*** Material provided Section Begins ***

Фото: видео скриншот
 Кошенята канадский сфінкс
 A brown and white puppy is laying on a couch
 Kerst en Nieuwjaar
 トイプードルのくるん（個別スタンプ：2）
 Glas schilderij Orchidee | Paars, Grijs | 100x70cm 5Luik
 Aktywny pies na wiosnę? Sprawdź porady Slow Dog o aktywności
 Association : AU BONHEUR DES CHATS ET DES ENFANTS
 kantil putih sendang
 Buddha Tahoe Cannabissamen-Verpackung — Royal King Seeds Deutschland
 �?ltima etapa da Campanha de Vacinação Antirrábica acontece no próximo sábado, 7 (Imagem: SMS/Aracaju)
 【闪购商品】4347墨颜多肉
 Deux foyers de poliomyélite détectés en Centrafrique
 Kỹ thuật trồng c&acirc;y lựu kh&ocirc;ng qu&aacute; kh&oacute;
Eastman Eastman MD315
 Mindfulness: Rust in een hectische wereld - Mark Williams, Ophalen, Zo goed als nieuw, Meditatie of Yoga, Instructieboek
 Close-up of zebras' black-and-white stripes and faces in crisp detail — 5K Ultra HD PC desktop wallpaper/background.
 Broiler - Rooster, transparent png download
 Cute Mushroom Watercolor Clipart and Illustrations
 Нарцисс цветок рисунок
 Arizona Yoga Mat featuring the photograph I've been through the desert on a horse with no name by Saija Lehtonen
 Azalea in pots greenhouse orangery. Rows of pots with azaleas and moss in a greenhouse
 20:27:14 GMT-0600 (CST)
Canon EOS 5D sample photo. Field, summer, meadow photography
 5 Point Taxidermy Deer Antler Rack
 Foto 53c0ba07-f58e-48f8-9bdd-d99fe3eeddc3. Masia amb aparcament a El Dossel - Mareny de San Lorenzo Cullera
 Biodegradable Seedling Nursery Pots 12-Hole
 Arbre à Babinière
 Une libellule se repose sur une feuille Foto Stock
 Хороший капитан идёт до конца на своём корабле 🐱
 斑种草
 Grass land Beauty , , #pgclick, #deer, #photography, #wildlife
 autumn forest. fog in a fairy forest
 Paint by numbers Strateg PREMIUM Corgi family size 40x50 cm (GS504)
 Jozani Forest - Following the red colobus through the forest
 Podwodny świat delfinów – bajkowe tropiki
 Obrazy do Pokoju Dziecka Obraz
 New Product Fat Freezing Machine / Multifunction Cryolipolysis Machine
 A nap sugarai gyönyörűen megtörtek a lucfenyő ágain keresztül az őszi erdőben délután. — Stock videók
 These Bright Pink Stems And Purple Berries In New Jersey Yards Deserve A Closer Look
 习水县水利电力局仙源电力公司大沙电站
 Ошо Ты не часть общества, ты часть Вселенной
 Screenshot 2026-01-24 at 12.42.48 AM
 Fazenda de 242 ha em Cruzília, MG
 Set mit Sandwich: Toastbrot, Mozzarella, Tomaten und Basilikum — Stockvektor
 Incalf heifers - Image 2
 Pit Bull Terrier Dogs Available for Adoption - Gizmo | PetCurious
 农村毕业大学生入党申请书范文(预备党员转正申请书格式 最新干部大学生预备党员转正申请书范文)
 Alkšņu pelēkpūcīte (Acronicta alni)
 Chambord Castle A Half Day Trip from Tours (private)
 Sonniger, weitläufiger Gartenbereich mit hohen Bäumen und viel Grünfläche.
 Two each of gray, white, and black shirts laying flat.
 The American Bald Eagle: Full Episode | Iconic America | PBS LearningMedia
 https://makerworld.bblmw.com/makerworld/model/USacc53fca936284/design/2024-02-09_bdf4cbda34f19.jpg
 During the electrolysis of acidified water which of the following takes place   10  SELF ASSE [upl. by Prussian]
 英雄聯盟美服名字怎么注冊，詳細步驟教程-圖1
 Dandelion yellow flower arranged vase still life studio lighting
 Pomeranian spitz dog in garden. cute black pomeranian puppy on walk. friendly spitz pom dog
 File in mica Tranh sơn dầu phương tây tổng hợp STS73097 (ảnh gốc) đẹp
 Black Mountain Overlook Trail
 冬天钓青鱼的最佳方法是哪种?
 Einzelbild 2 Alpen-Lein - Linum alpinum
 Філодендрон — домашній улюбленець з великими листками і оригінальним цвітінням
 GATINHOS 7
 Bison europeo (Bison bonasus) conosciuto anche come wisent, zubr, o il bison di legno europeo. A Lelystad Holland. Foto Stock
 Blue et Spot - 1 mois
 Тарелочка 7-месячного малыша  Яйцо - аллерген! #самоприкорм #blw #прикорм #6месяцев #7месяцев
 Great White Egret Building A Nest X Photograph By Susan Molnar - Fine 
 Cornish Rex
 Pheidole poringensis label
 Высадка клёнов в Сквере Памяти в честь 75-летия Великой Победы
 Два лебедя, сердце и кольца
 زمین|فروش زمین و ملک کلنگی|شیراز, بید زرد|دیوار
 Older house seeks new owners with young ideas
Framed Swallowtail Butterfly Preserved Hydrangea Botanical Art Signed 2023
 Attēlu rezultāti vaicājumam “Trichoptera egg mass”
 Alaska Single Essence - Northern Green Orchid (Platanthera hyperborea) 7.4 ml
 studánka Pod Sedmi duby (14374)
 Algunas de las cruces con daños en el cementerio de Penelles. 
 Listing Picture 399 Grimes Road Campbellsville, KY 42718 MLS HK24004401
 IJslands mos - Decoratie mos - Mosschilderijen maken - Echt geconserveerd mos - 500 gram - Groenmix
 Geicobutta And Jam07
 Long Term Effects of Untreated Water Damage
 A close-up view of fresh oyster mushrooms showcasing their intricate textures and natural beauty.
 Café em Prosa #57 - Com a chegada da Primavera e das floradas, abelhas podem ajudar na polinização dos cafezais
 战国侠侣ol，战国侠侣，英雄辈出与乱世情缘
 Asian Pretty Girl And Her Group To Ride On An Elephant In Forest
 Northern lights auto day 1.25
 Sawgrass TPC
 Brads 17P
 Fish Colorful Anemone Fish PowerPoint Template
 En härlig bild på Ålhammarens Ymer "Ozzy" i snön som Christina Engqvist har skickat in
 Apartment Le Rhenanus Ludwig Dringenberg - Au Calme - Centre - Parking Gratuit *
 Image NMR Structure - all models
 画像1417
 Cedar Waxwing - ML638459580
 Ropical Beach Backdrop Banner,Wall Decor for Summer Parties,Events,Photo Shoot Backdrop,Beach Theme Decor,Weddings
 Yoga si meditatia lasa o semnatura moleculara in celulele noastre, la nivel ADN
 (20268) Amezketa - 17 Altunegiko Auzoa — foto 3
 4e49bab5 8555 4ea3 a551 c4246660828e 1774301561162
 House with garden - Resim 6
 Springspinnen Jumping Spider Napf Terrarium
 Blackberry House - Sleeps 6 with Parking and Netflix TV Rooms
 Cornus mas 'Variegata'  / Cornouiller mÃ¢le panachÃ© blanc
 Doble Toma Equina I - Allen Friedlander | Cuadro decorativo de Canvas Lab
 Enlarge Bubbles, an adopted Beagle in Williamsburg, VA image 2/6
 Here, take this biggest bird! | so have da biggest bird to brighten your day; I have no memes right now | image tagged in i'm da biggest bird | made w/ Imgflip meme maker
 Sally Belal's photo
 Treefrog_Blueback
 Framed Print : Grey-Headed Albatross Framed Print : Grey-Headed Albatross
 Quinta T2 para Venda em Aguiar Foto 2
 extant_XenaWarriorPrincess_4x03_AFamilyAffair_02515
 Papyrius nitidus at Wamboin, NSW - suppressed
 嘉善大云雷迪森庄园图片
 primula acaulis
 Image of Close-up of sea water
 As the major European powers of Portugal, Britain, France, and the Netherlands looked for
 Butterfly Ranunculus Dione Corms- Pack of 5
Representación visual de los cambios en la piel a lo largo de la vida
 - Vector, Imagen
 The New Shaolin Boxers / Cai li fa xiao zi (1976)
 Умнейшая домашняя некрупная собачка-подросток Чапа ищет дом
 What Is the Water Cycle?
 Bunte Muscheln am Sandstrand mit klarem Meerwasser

*** Material provided Section Ends ***

Exercise description:
Output the material above exactly, but only from the line that carries "Papyrius nitidus at" through the line that carries "The New Shaolin".

Result of this exercise:
 Papyrius nitidus at Wamboin, NSW - suppressed
 嘉善大云雷迪森庄园图片
 primula acaulis
 Image of Close-up of sea water
 As the major European powers of Portugal, Britain, France, and the Netherlands looked for
 Butterfly Ranunculus Dione Corms- Pack of 5
Representación visual de los cambios en la piel a lo largo de la vida
 - Vector, Imagen
 The New Shaolin Boxers / Cai li fa xiao zi (1976)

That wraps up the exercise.